— Your assignment —
Make an exact copy of the records below, excluding images.

======== Records shown

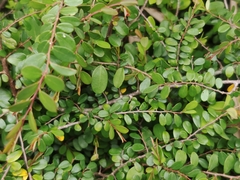 Phyllanthus cochinchinensis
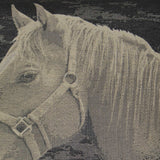 Mister Ed - Black - DV Kap - Fabric by the Yard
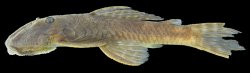 Lithoxancistrus yekuana - Click for species page
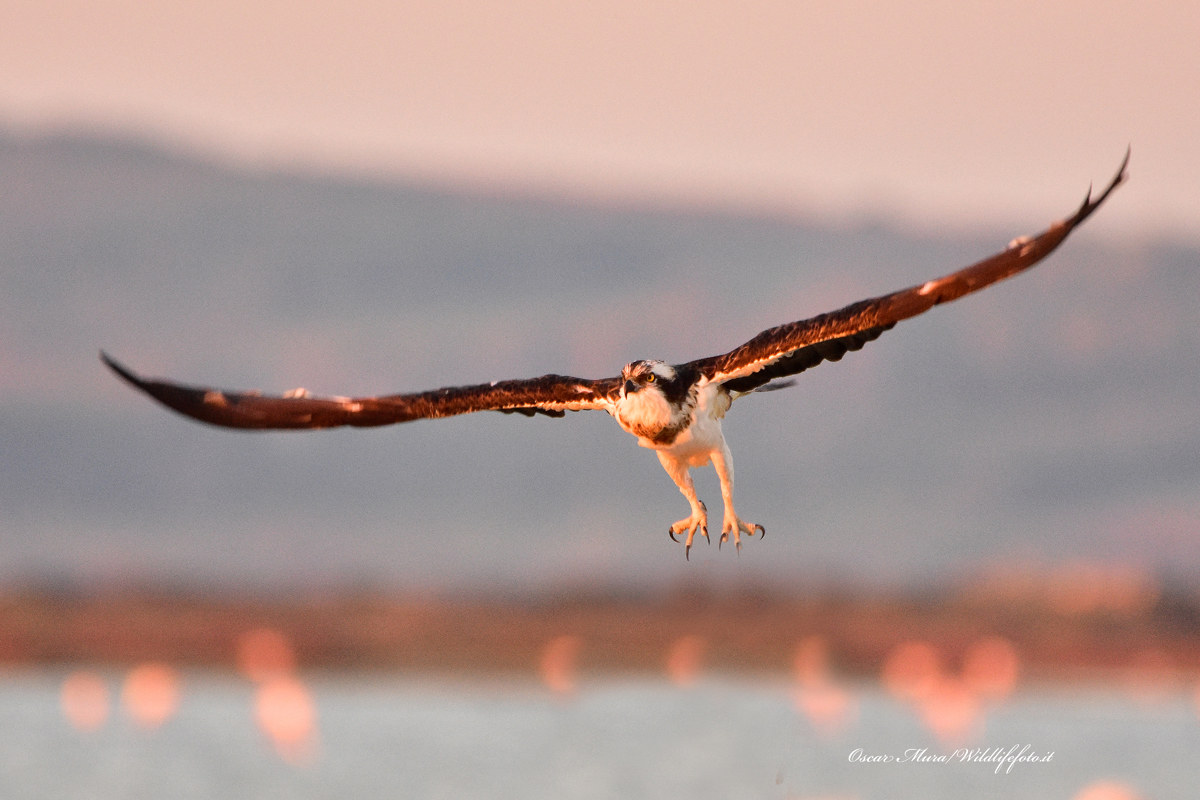Falco Pescatore Osprey...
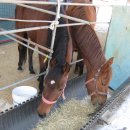 한라사료 이미지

================

— Expected answer —
 Phyllanthus cochinchinensis
 Mister Ed - Black - DV Kap - Fabric by the Yard
 Lithoxancistrus yekuana - Click for species page
Falco Pescatore Osprey...
 한라사료 이미지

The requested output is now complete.